Guy Blade Guy Blade---23:36:00

Anime Expo 2010
This last weekend, I went to Anime Expo. I discovered last year that Anime Expo was somewhat less fan-driven than Anime Central in Chicago was. That impression mostly followed this year. I believe that during the entire course of the convention, I never went to any panel which wasn't industry driven. That isn't to say that the industry panels weren't interesting--they tended to be so in fact. Nevertheless, the industry centric approach leads to a different feel to the convention overall.

I mostly organized my weekend by going from industry announcement/status panel to industry announcement/status panel.
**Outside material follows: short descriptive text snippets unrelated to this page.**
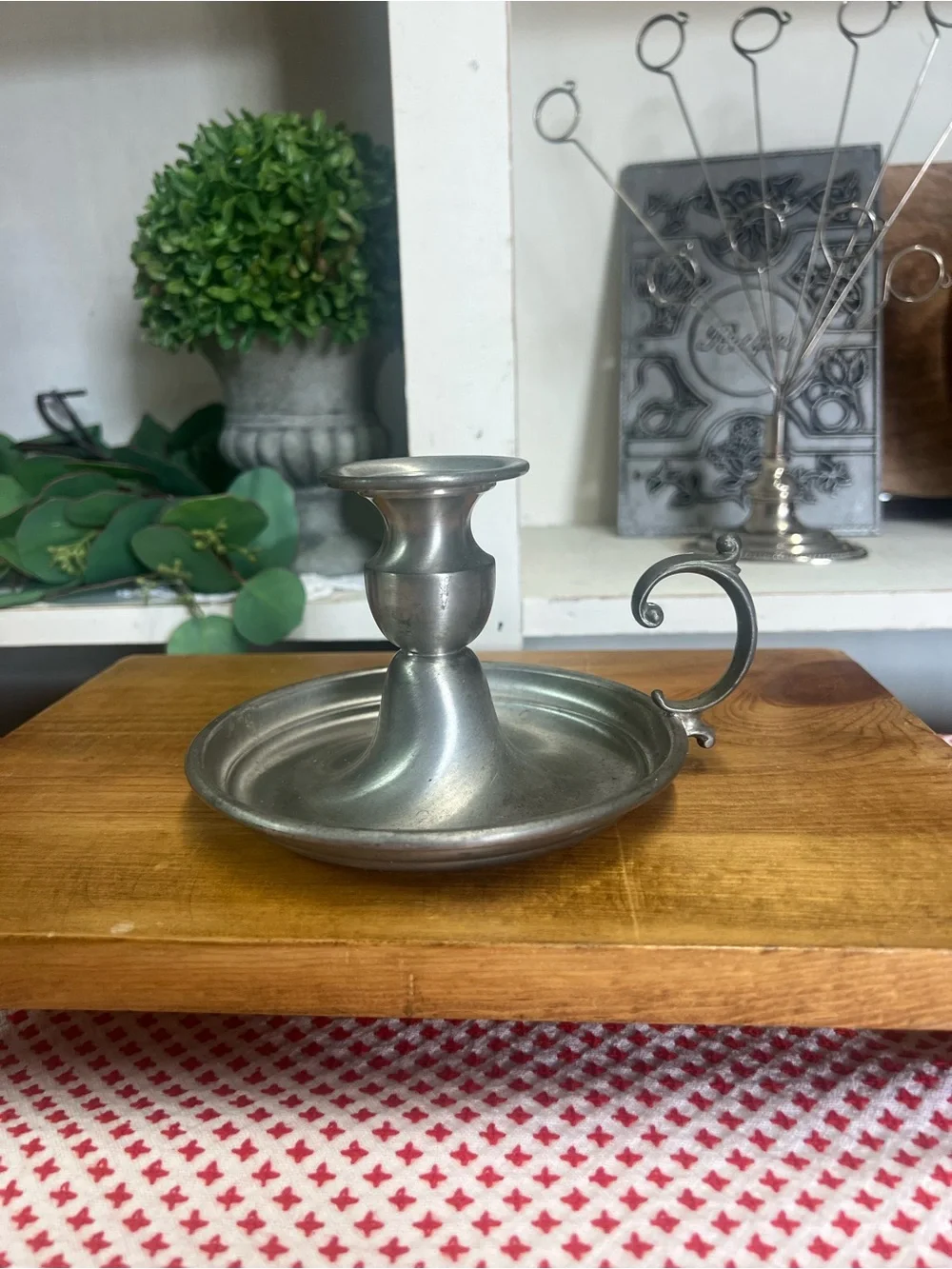 Vintage early American pewter by web chamberstick candle holder grandma core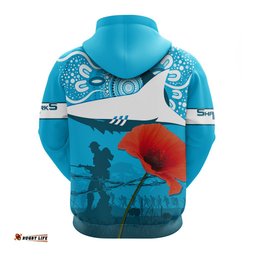 sharkies rugby hoodie anzac day barb wire style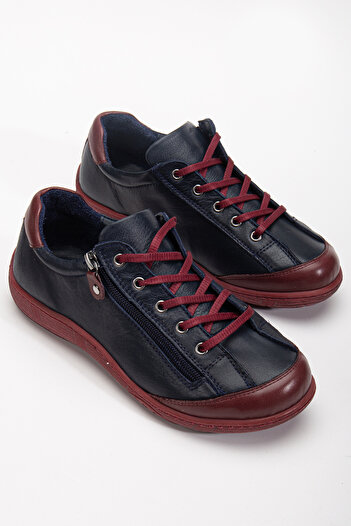 CANİLH Hakiki Deri Yumuşak Tabanlı Kadın Lacivert Bordo Sneaker Günlük Spor Ayakkabı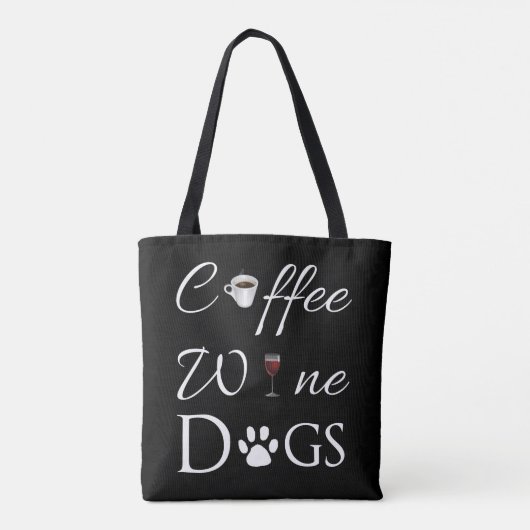 Kaffee Wein Hunde Tote Tasche (Rückseite)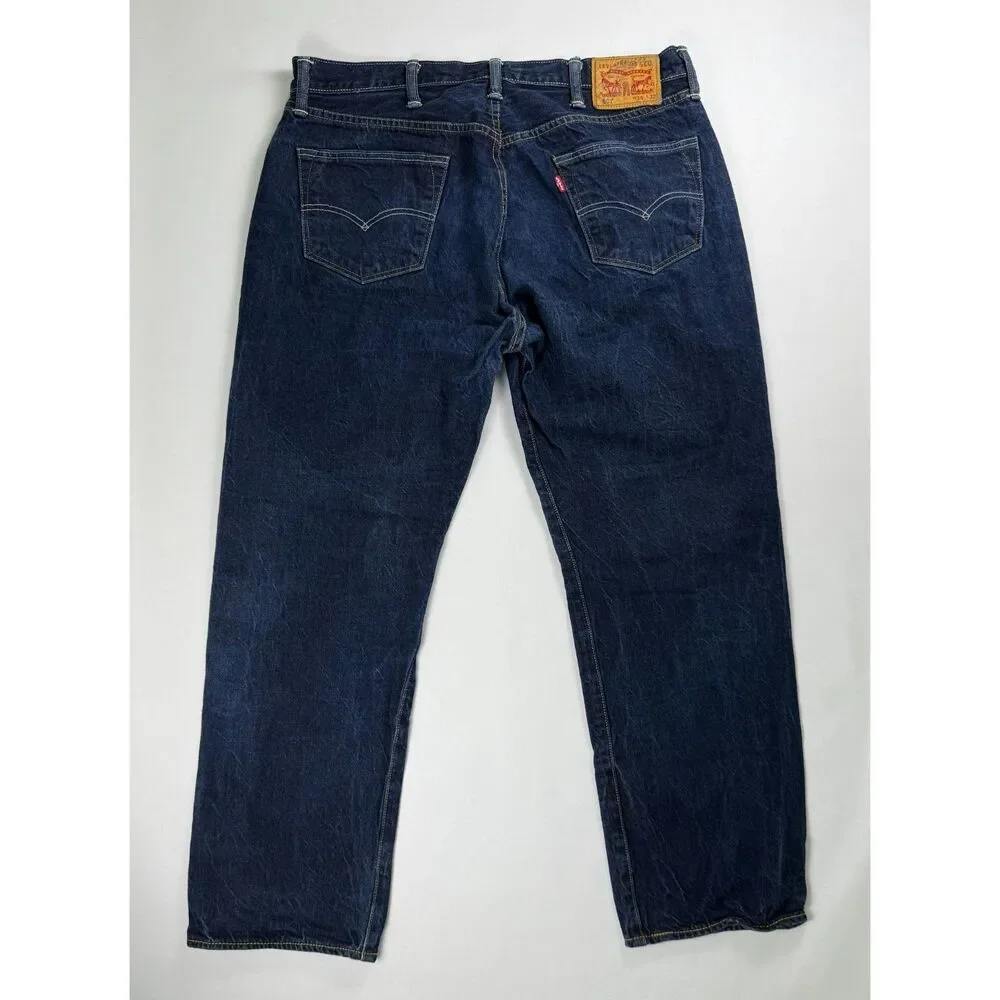 Levi’s 501 Straight Leg Jeans Dark Wash Button Fly 38x32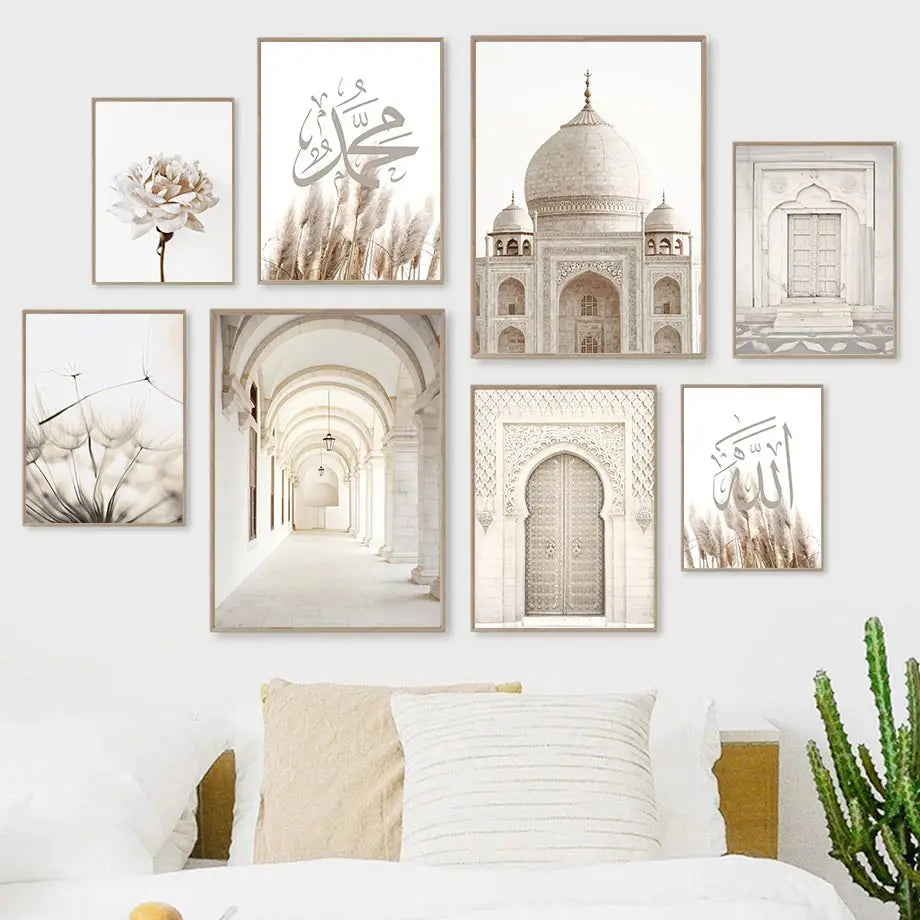 Islamic Beige Poster Architecture Canvas Print Mosque Morocco Door Flower Quotes Wall Art Painting Bohemia Picture Home Decor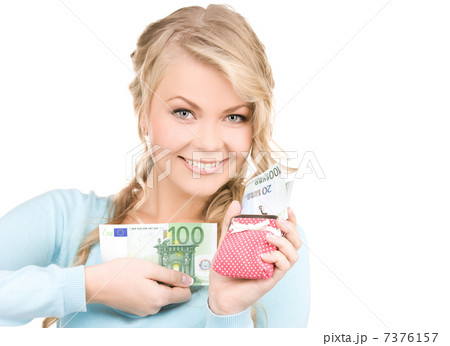 lovely woman with purse and money 7376157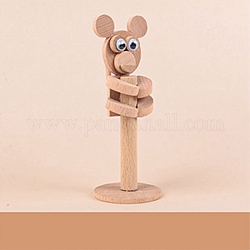 Diy carpintería 3d mono animal viruta de madera rama de árbol paquete de material, para jardín de infantes juguetes educativos hechos a mano, burlywood, 10.5x1.5 cm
Highlights (in no particular order):

Bandai licenses K-On!
FUNimation licenses Trigun: Badlands Rumble (and had a screening on Saturday).
Nozomi/Right Stuf is rereleasing Revolutionary Girl Utena with remastered video.
Bandai/Aniplex are releasing both Gurren Lagann movies this month in the US. The collector's/premium editions contain the Parallel Works.
Bandai will be releasing Haruhi Season 2 in a single box set sometime this year.
No release timeline for The Disappearance of Suzumiya Haruhi (the movie) from Bandai/Aniplex.


I didn't actually pick up much stuff this year at the convention. I grabbed a couple of items that were on sale at the Bandai booth: Rocket Girls (the story of how not to run a human spaceflight program), and a movie that was on sale rather cheap. I picked up the first Toradora! box set from NIS America's booth. I picked up the one DVD of Project Blue Earth SOS that I was missing.

Most of the money that I spent at the convention was actually in Artist's Alley. I picked up about a dozen prints that I'm going to (somehow) put up in my apartment. I picked up a handful at last year's con, but there were quite a few that sparked my interest this year. Once I get frames, I'll take some pictures.